The album is a solid slice of melodic rock music chock full of heavy guitars, smooth bass playing, and solid drumming. The harmonies are dead-on too. I can almost certainly guarantee you that there will be more than one track that will find its way into your head and you’ll be singing the chorus for hours. It’s nice to hear a band that knows how to use melody and are capable of writing catchy songs. It’s what the best pop music is all about. The Hype certainly has their sights set on this fact.

Anyone who has ever caught The Hype’s live act in and around Memphis knows that they whip up an energy between audience and band. There was a golden age of music when special things happened at rock shows when the audience could be elevated and everything was right in the world for that moment. It’s all about the song and that song’s energy. It also never hurts when the band actually performs and is there to serve their audiences.
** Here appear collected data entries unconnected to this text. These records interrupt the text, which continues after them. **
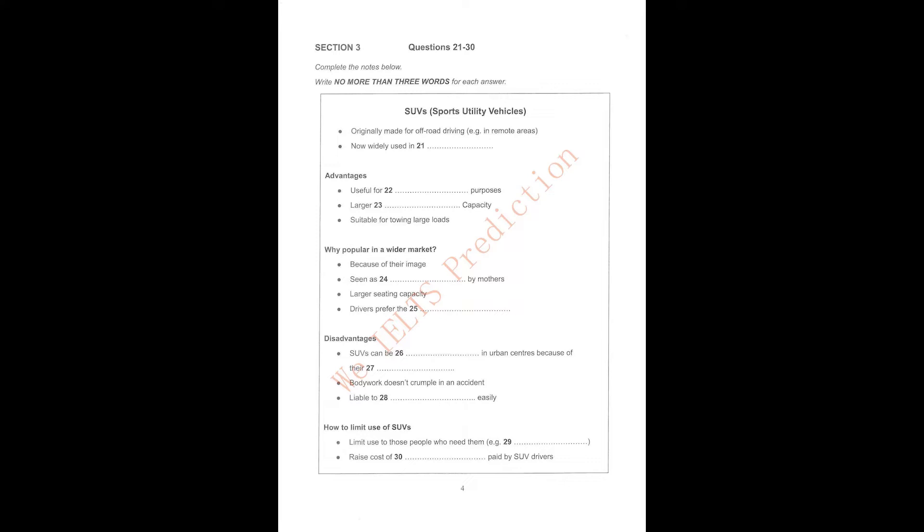Section 3. You will hear three marketing students discussing their research findings on vehicles known as SUVs or four-wheel drive vehicles.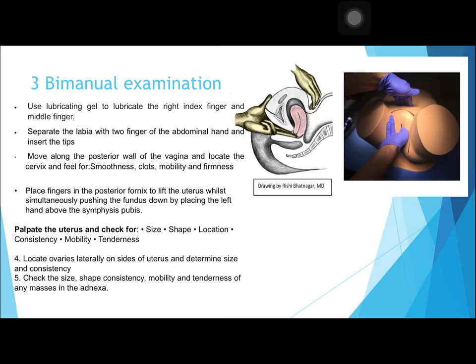Locate the cervix and feel for its smoothness, consistency, mobility, and firmness. Place the fingers in the posterior fornix to lift the uterus while simultaneously pushing the fundus down by placing the left hand above the pubic symphysis. Palpate the uterus and check for its size, shape, location, consistency, mobility, and tenderness.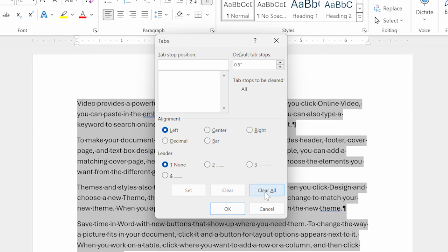Now, there is one other thing that you need to pay attention to right here. Notice in the upper right-hand corner of the dialog box that it shows that the default tab stops are 0.5 inches. That's the default for Word, just half an inch for each tab stop.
So, what is a band with such a solid stage act to do when it gets into a studio setting? Get experimental and create the next Revolver? Or do they try to capture that live energy? It seems like The Hype opted for the latter so that fans can rest easy. They also seem confident that transferring that live feeling to disc can create new fans. The songs all begin and end appropriately while they never venture into a self-indulgent place. These are pop songs, nothing more and certainly nothing less. The best pop music can save the world.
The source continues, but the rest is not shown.